In May 2025, parish pastor Carsten Mulnæs criticised the new translation, particularly the rendering of "τὸ σῶμά" (NRSV: body) from Dette er mit legme to Det er min krop, invoking the central distinction between these two terms in the theology of Niels Grønkjær and stating that one would not say krop during church services. OT editor-in-chief Søren Holst responded to part of Mulnæs' criticism, writing that the translation team was not responsible for liturgical oral use, that being a decision for bishops.

On 18 February 2026, theologian Jesper Tang Nielsen criticised the draft translation for removing the linguistic characteristics of Mark. On 25 February 2026, Weekendavisen, and later also Kristeligt Dagbad, reported that the N. F. S. Grundtvig-associated Grundtvigian faction of the Church of Denmark, which opposes biblical inerrancy and infallibility, had emerged as one of the fiercest critics of the translation, finding Mark to sound too much like an actual historical account.

On 3 March 2026, Kristeligt Dagblad reported that translators were not permitted to publicly comment on or criticise the translation of the books they themselves were translating. to this, Jesper Tang Nielsen left the project later that same month.

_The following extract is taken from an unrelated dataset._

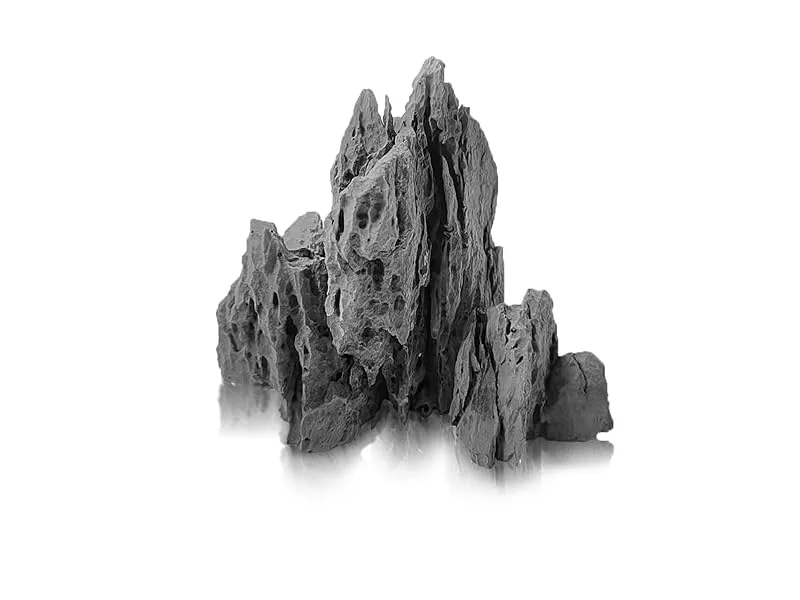 FZONE Resin Seiryu Stone Model PH Nature Aquarium Rocks for aquascaping Micro-Landscapes (Size: 7.48'' 5.51'' 7.87'') - seiryu stone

On 4 April, the Society rescinded this policy. Author Bjørn Bredal published a series of commentary on the translation in Politiken.

=== Trampolindugen ===
The Bible Society has used the Trampolindugen (the Trampoline Mat) as a metaphor for the four translation principles, meaning that trial translations "are stretched between four springs": the source language, modern Danish, church tradition, and contemporary usage.

One of the goals was also a greater focus on women, with Paul in the Epistle to the Philippians greeting both "sisters and brothers", although only "brothers" appears in the original text.